In between bites of chewy ciambella doughnuts and icing sugar-doused crostoli, we pass around a small bowl of fried pork mince seasoned with salt, pepper, chilli, paprika and wine. We each take one of the teaspoons that sit on the rim of the bowl and taste the mixture.

“It needs more salt,” says Eddie, a farmer and the patriarch of the family. His wife Gina agrees. Everyone else – their son David, his wife Marie, her friend Nadia and me – thinks it’s salty enough.

But Eddie and Gina know best. Eddie grew up on a farm in Salerno, Italy and when he was 12 his family moved to a farm outside Sydney. He grew up making salami, prosciutto, pancetta and myriad other small goods every winter. He and Gina have been doing it on their Western Sydney farm for 34 years.
When David was growing up, eggplant, artichokes, tomatoes and broadbeans filled the fields, but now the family just keeps a small vegetable patch.
When David was growing up, eggplant, artichokes, tomatoes and broadbeans filled the fields, but now the family just keeps a small vegetable patch. Source: Pilar Mitchell
“'Doing the pig’ is a tradition for a lot of Italian families,” David tells SBS Food. “It doesn’t happen in Five Dock backyards [in Sydney's inner west] obviously – but families out in the western suburbs and the northwest where they’ve got land, you’ll find them doing it.

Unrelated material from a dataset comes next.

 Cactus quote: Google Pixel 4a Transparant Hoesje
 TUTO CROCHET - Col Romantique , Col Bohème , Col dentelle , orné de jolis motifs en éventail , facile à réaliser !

“Growing up, I remember old Italians coming over with wine and home-made prosciutto and arguing over whose was better.”

The process takes three days in winter when the temperature is cold enough that the meat won’t spoil. On day one, the pig is slaughtered and cleaned. On day two, it’s butchered and the various cuts are put under salt.

In the shed, Eddie shows me cuts of meat that are layered with sea salt in a plastic tub. There’s pork belly for pancetta, cheek for guanciale, rear leg for prosciutto, neck for capocollo.
“It gets salted and compressed with whatever we have on the farm,” David says. “Dad was a bricklayer builder, so when I was growing up, we used bags of cement.”

“This leg is roughly 15 kilos, so it stays 15 days under the salt. You keep checking it to make sure the salt goes right to the bone,” says Eddie.

When I ask how he can tell, Eddie shrugs. “I don’t know, experience I guess. I’ve been doing this for a long time now.”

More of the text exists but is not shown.